Framing the Fairy Tale: Nation-Building and Imagination in Hawthorne’s and the Stoddards’ Nineteenth-Century Books for Children
In the antebellum U.S., the predominant modes in American children’s literature were didacticism and moralism, and although translations of the Grimms’s and Hans Christian Andersen’s fairy tales were available, many American authors and publishers regarded fairy tales as unsuitable for the modern needs of a new nation. Nevertheless, there were American writers who, inspired by Andersen’s tales, published fairy tales in the 1850s, 60s, and 70s. These writers were instrumental in bringing about as well as recording important shifts in attitude in and towards American children’s literature during these three decades. Although, or rather precisely because, their literary reputations reached far beyond children’s literature, they helped establish it as a significant literary realm: after the Civil War, American children’s literature was considered worthy of the imaginative efforts of the best American writers, of reviews in prestigious journals, and of publication in quality periodicals.

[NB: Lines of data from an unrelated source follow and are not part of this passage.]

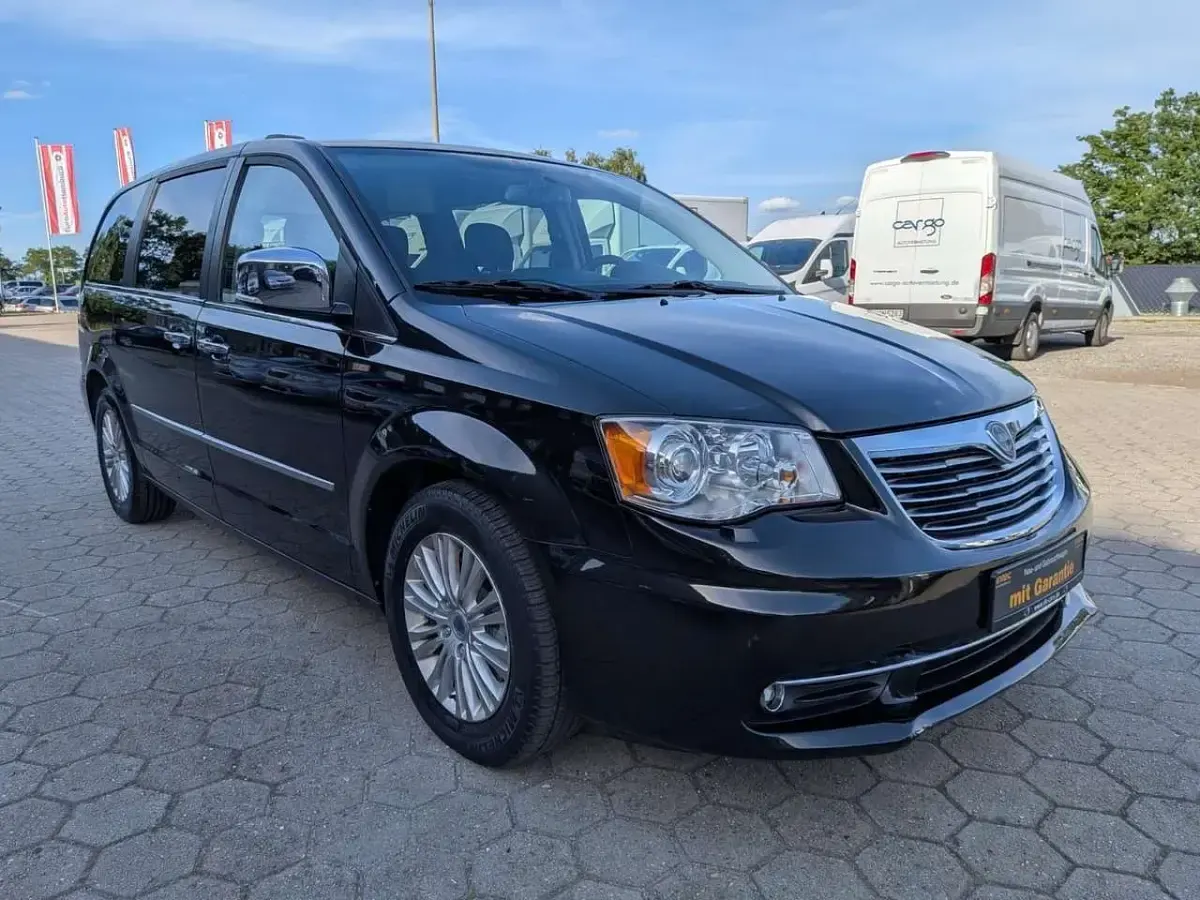 Gebraucht Lancia Voyager Platinum 177 PS (130 kW) 2014 Schwarz Van / Kleinbus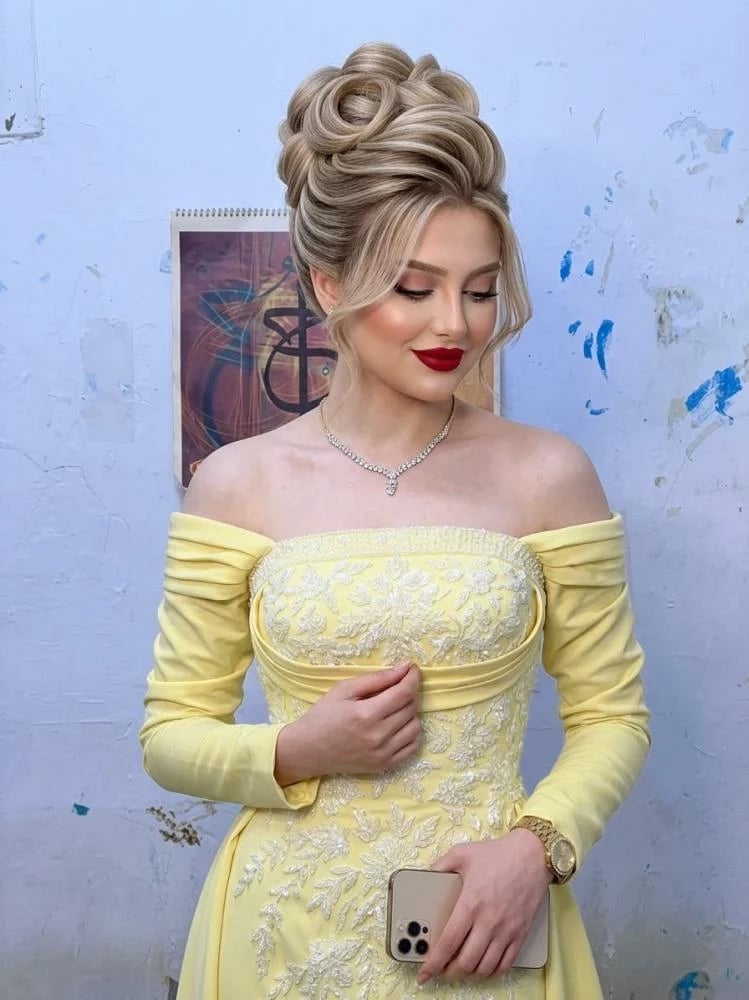 فستان أريانا الملكي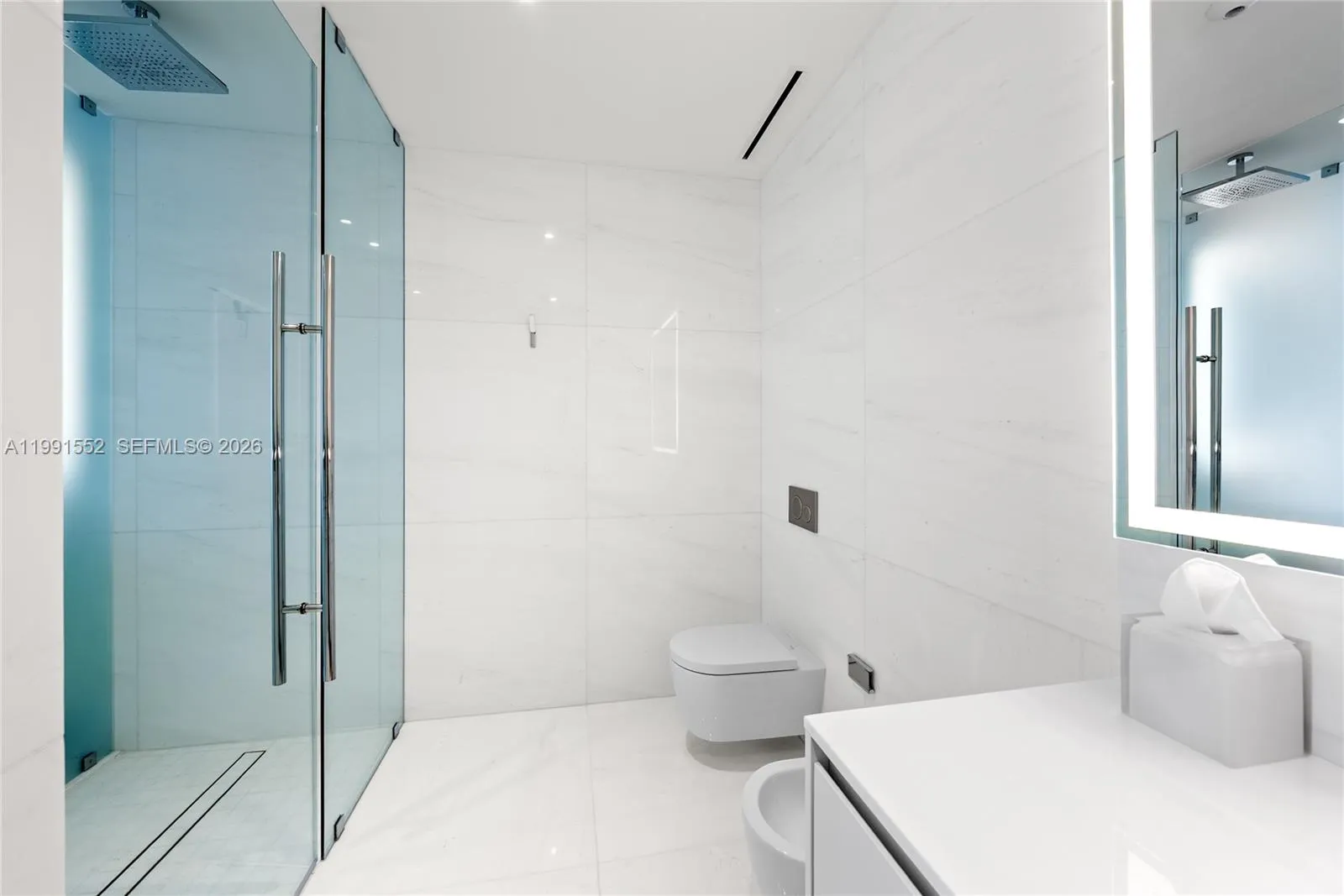 300 Biscayne Boulevard Way 901e, Miami, Florida 33, Miami, Florida 33131, 4 Bedrooms Bedrooms, ,4 BathroomsBathrooms,Residential Lease,For Rent,300 Biscayne Boulevard Way 901e, Miami, Florida 33,A11991552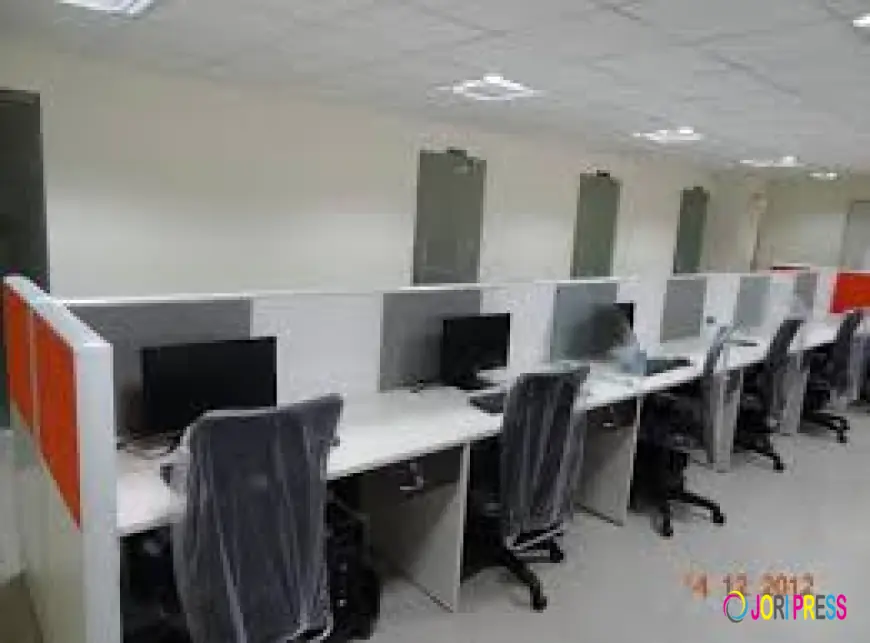 The Role of Commercial Office Chairs in Employee Wellbeing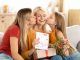 Los españoles “queremos” un poco más a mamá que a papá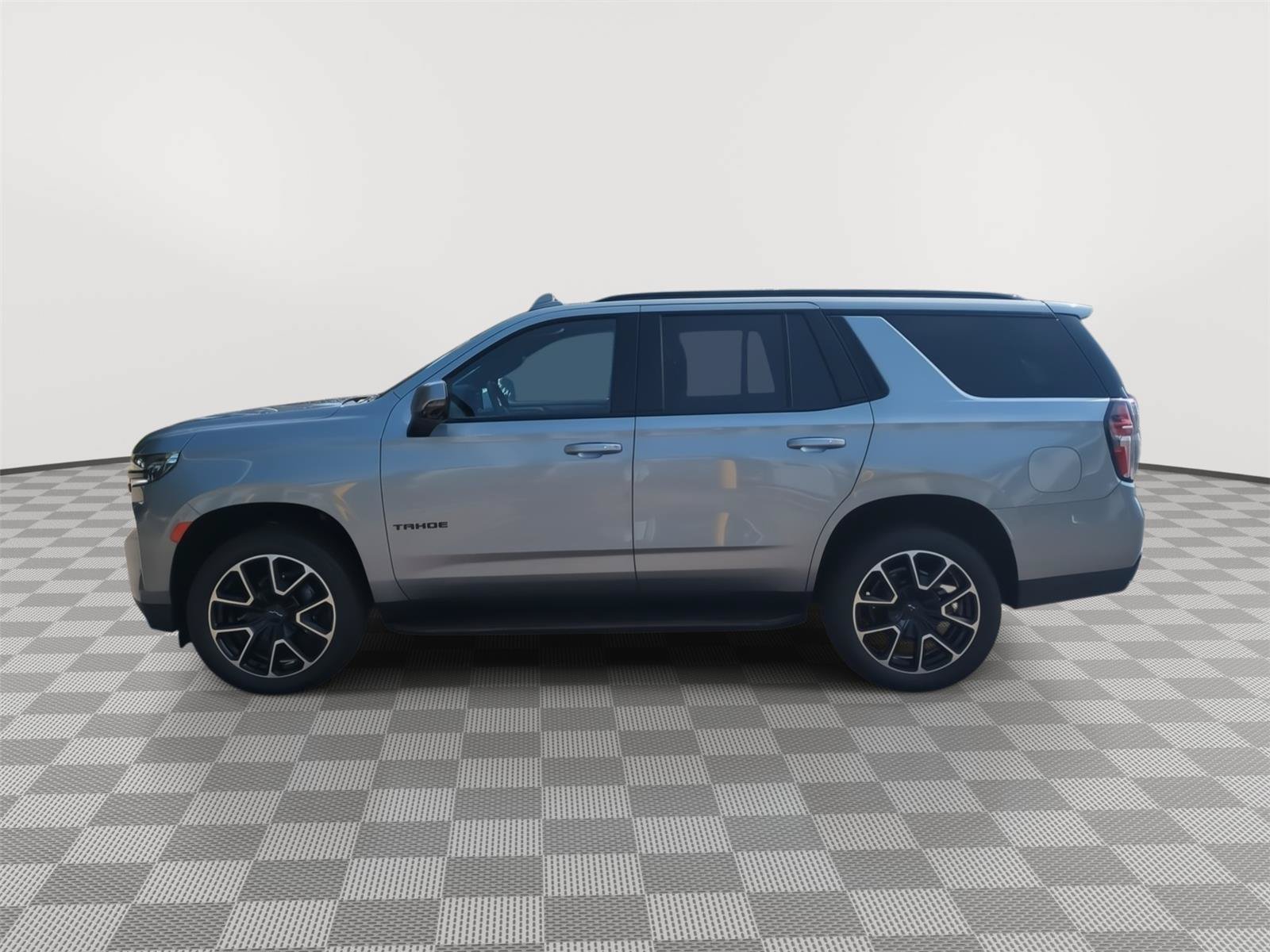 Used 2024 Chevrolet Tahoe RST w/ Luxury Package AWD/4WD image 2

In this paper, I will focus on the poet and editor Richard Henry Stoddard’s Adventures in Fairyland (1853) and the short-story writer and novelist Elizabeth Stoddard’s Lolly Dinks’s Doings (1874). Both of these writers use a domestic frame for their fairy tales, which I will argue has to do with the nation-building concerns of these children’s books. I will discuss the Stoddards’ frames in relation to Nathaniel Hawthorne’s in his popular children’s book with retellings of Greek myths: A Wonder-Book for Girls and Boys (1852).